Le due sorgenti non agiranno più come una sola ma torneranno a comportarsi per quello che sono, cioè come due sorgenti separate. Perderemo ovviamente l’incremento di efficienza di 3 dB dovuto all’accoppiamento (che non c’è più). Inoltre, avendo due sorgenti separate, potrò considerare non solo la distanza di misura ma anche l’angolo di misura che chiameremo a, cioè quanto il punto di misura (M) sia posto fuori asse rispetto alla linea mediana fra le due sorgenti (figura 2).
Il suono emesso dalla sorgente vicina al punto di misura arriverà infatti ovviamente prima di quella lontana.
Poniamo che entrambe le sorgenti emettano lo stesso suono, di identica frequenza ed ampiezza. La sorgente semplice (o sfera ideale pulsante) pulserà espandendosi e contraendosi emettendo onde di compressione (+) e di rarefazione (‑)3.
Misurando fuori dall’asse mediano, a causa delle differente lunghezza dei cammini percorsi, avremo arrivi di onde sfasate fra loro, nel tempo. Non solo avremo perciò + con +, – con – ma anche + con – e tutte le variazioni nel mezzo. Avremo perciò interferenze costruttive e distruttive e la risposta in frequenza risultante sarà del tipo “filtro a pettine”, in inglese “comb filtering”.

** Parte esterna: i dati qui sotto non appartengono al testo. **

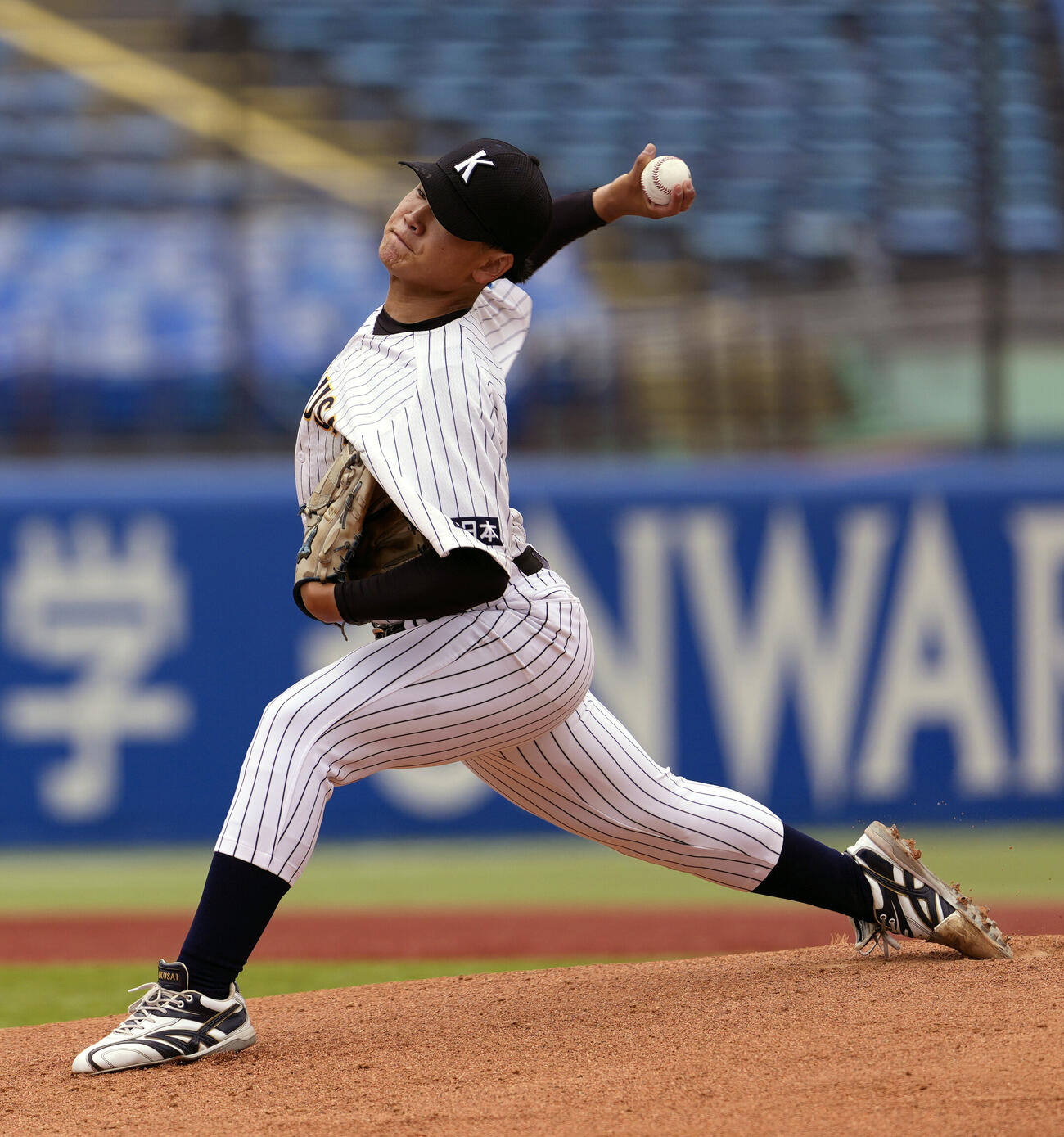 全日本大学野球選手権大会　国際武道大対東日本国際大　力投する先発の東日本国際大・菊池孝輔（撮影・小島史椰）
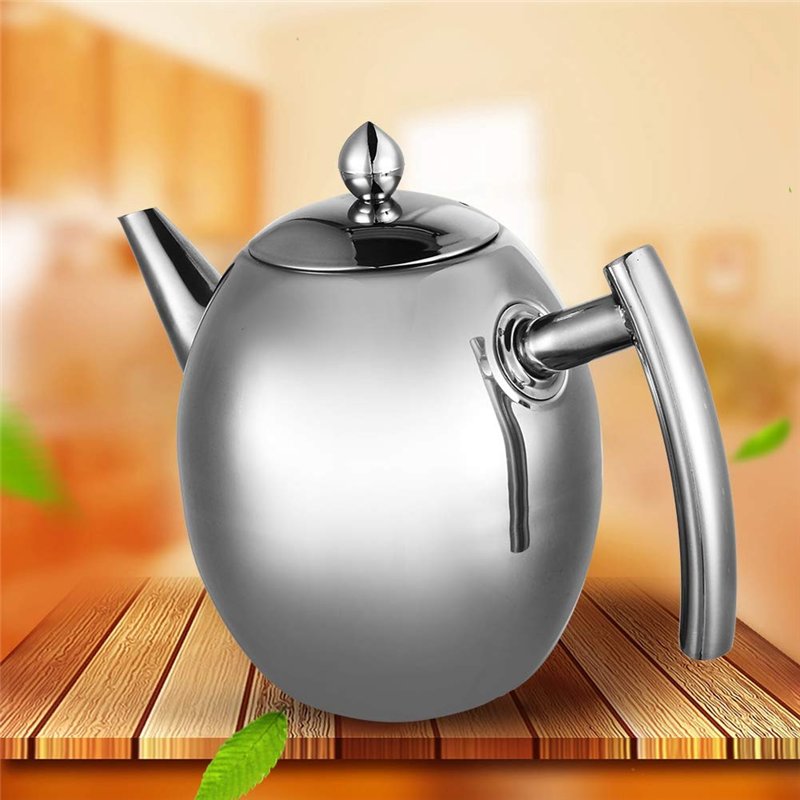 Image secondaire de wosume Bouilloire, Pichet à Eau Pratique Théière en Acier Inoxydable avec Filtre Épaissie à Fond Plat Théière Cafetière, Pas de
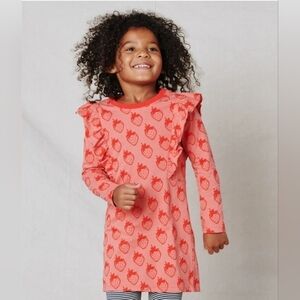 Tea Collection Fresa Fields Strawberry Ruffle Dress Girl's Sz. 6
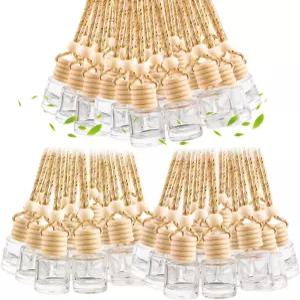 100개 8ml 걸이형 자동차 공기 청정기 빈 투명 유리 에센셜 오일 디퓨저 향수 아로마테라피 펜던트 병 장식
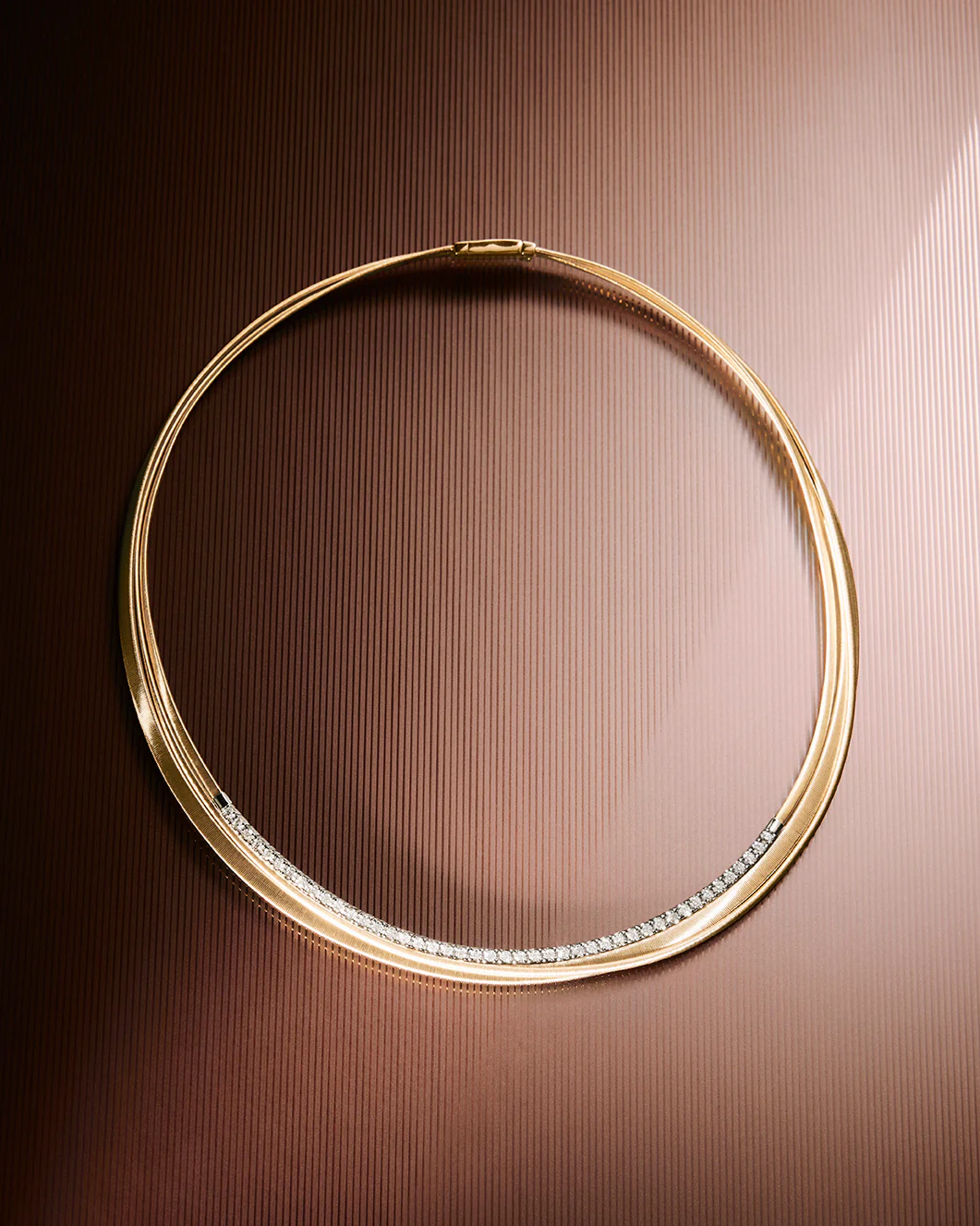 18K Yellow Gold Coil Three Strand Necklace with Diamonds, 16.5" - Image 4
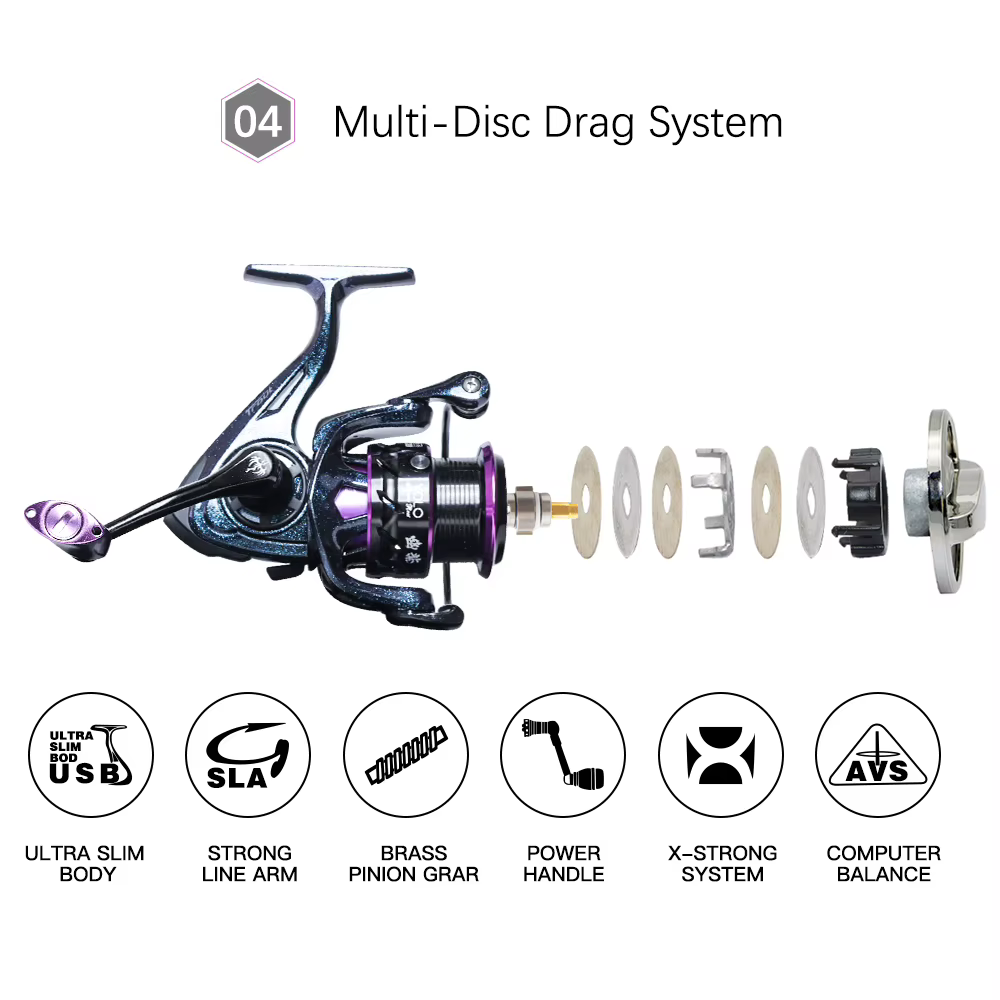 Carrete Spinning 9+1 BB CNC – Alta velocidad agua dulce Crappie - imagen 4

Il printout di una misura. Si tratta di due segnali identici a piena gamma, uno con una differenza di percorso di 343 mm rispetto all’altro. Il segnale impiegato è una sequenza di massima lunghezza.
Un esempio pratico è quando accostiamo due trombe che emettono frequenze medio alte, cioè con l corto. Le dimensioni fisiche delle trombe fanno sì che la distanza d sia paragonabile o maggiore delle lunghezze d’onda considerate. Le due sorgenti sono perciò distinte e quindi, all’interno delle zone in cui le emissioni si sovrappongono (sono direzionali e non sorgenti semplici) interferiranno l’una con l’altra con combinazioni costruttive e distruttive, secondo la differenza di percorso e la frequenza.
La ragione del fatto che non osserviamo comunemente sugli strumenti il “su e giù” del comb filtering è dovuto principalmente allo scarso potere risolutivo degli strumenti che impieghiamo solitamente nel live, al fatto che le misure non avvengono in condizioni ideali bensì in presenza di riflessioni multiple, echi, riverberazione ambientale ecc.
Una analisi FFT a migliaia di punti, eseguita su un segnale anecoico (o quasi anecoico) ci mostrerebbe proprio l’effetto di comb filtering come da manuale. Quello della figura 3 è una misura ottenuta immettendo in un mixer due segnali identici a piena banda, ritardandone uno di 343 mm e misurando la funzione di trasferimento dell’uscita miscelata.
Proviamo ora a violare anche l’altra condizione che avevamo espresso all’inizio. Invece di misurare a distanza r grande rispetto a d, avviciniamoci ad una delle due sorgenti, fino a che la pressione di quella vicina sia dominante rispetto all’altra.
Dal momento che abbiamo a che fare con due sorgenti distinte (non abbiamo rispettato alcuna delle condizioni necessarie alla creazione di una sorgente unica di diametro maggiore e quindi più efficiente) per il calcolo della pressione sonora risultante dalle due sorgenti, una più vicina dell’altra, avremo a che fare con la combinazione di campi sonori.
Ne parleremo prossimamente.
nota 1: Con l’ espressione “grande” e “piccolo” si intende un fattore di circa dieci volte.
nota 2: Un sub con un diametro di dieci metri avrebbe una dimensione comparabile o maggiore delle lunghezze d’ onda che deve riprodurre e sarebbe direzionale.
nota 3 (nel box): Le prime risulteranno sopra il livello di pressione atmosferica, le seconde sotto della stessa quantità.